The late Howard I. Chapelle, a former Smithsonian Curator, knew more about American Sailing vessels than anybody ever has or will. Of the six or seven offerings He presented on the subject of American Sail, all of which are long acknowledged classics, it is this one which has most interested me.
The growth and development of the United States Navy is often approached through the personalities or through the combat actions of the fleet but rarely had anyone delved into the intricacies and details of the ships themselves. This approach has become considerably more common today but it all began with, and nearly all of today?s efforts and knowledge base can be directly attributed, to Howard I. Chapelle.
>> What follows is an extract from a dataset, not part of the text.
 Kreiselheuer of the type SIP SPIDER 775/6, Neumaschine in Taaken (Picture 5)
In A History of the American Sailing Navy the reader is treated from the outset like the expert he is about to become. The information is detailed and complete and is filled with a copious amount of pictures and plans (Chapelle's own line drawings of Ships of the Line, Frigates, Sloops of War, Brigs, Schooners and Gunboats) which serve to make the history of these long gone warships as immediate and as real as anything you will encounter in your modern world. This is a living history and a tribute to the designers, builders and ships which stood in the gap and protected America's interests on distant stations around the globe during the formative years of the Revolution, Early Republic and Anti-Bellum Years.
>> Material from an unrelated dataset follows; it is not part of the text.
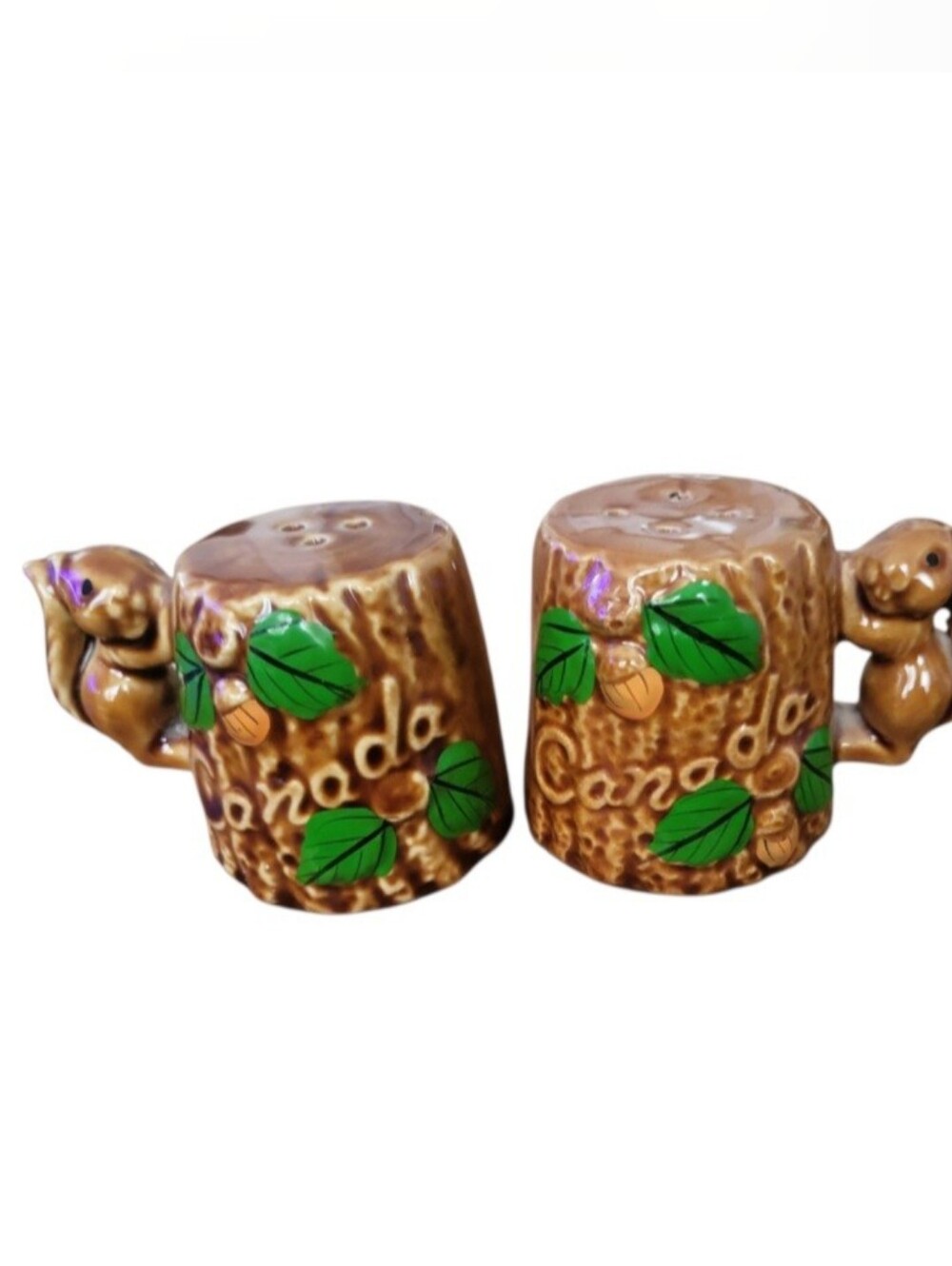 Vintage Squirrel Acorn Tree Stump Canada Souvenir Pottery Salt & Pepper Shakers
If you are interested in American Naval History or history in a general sense, you will come to cherish this book in the same manor as a family bible or a photo album of your children's baby pictures. It is quite simply the best book on the subject that has been (or likely ever will be) written. My apologies to the wonderful and brilliant author Donald L. Canney who, in his book Sailing Warships of the U.S. Navy, tried in vain to better The History of the American Sailing Navy but failed.. Since you can not fix that which is not broken and you can't make something that is perfect better...Mr. Canney's efforts fell short! A+ for Chapelle. B+ for Canney (who is usually an A or A+ level author). This said I own and appreciate both of these aforementioned books.